The Book Thief War Quotes

How we cite our quotes: Citations follow this format: (Chapter.Paragraph)

Quote #1

The last time I saw her was red. The sky was like soup, boiling and stirring. In some places it was burned. There were black crumbs and pepper, streaked across the redness. (4.1)

This early passage describes the sky over Himmel Street when it's bombed in 1942. Have you ever seen a bomb-filled sky? How do you feel about Death's soup analogy?

Quote #2

That was one war started. Liesel would soon be in another. (12.15, 16)

This passage refers to Hitler's invasion of Poland and Liesel's bad day in school, where she's beaten multiple times by her teacher and then beats up two other kids herself. Do you ever feel like you're in war, in battle when you are at school?

Quote #3

In fact, on April 20 – the Führer's birthday – when she snatched a book from beneath a steaming pile of ashes, Liesel was a girl made of darkness. (13.8)

Here we see Liesel moments after she's declared war on Hitler himself. Her way of fighting him has to do with rescuing at least one of the many books he's burned.

Quote #4

There was […] the matter of the forty million people I picked up by the time the whole thing was finished […]. (18.35)

This is Death, giving us the death toll of World War II and the Holocaust. First, how do you check his figure for accuracy? Second, how do we process death on this scale? How can we deal with it? Think about it? Talk about it?

Quote #5

Sometimes there was humor in Max Vandenburg's voice, though its physicality was like friction – like a stone being gently rubbed across a large rock. (35.125)

Max is fighting a war for his own survival. It's taken much of his humor from him. Yet, he manages to laugh and make others laugh, in spite of his plight.

Quote #6

Max Vandenburg sat beneath the steps, holding his rusty scissors like a knife. (50.146)

This is the fear-filled scene where Max hides from a Nazi who's come to measure the Hubermanns' basement to see if it's deep enough for a bomb shelter. We aren't sure how he plans to use the scissors, but the options are pretty apparent. What do you think?

Quote #7

On Friday, a statement arrived to say that Hans Hubermann was being drafted into the German army. (63.13)

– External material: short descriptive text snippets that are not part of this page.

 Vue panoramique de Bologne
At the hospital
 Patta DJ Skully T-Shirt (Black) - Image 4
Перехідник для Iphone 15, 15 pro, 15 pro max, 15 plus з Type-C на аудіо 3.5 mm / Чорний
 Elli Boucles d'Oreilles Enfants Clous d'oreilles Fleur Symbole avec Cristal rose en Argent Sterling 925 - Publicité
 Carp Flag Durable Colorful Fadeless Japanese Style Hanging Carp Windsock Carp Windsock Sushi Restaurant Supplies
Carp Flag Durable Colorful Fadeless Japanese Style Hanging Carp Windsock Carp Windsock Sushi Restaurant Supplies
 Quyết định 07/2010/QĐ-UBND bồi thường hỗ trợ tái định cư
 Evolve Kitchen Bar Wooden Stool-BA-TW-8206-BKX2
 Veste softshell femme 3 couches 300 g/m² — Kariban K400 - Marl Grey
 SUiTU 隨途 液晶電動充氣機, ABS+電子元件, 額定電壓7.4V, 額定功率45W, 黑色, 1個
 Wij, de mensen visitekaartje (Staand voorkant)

Hans' punishment for giving a Jewish man bread is being forced to join the army. But, he isn't put on the battlefield. Rather, he's given the job of cleaning up wreckage and dead bodies after air raids.

Quote #8

A bandaged hand fell out of his coat sleeve and cherries of blood were seeping through the wrapping. (71.2)

We come to understand that there is terrible fighting going on in Stalingrad, Russia, in large part through the character of Michael Holtzapfel, who comes home to break the news of his brother's death. He's lost three fingers in Stalingrad, but can't bear to be alive when his brother is dead.

Quote #9

In short, Himmel Street was flattened. (77.8)

Even though we hear about this moment from the beginning of the book, the bombing of Himmel Street is still a huge shock when it happens. It's hard to take the fact that these characters we've grown so fond of have all died.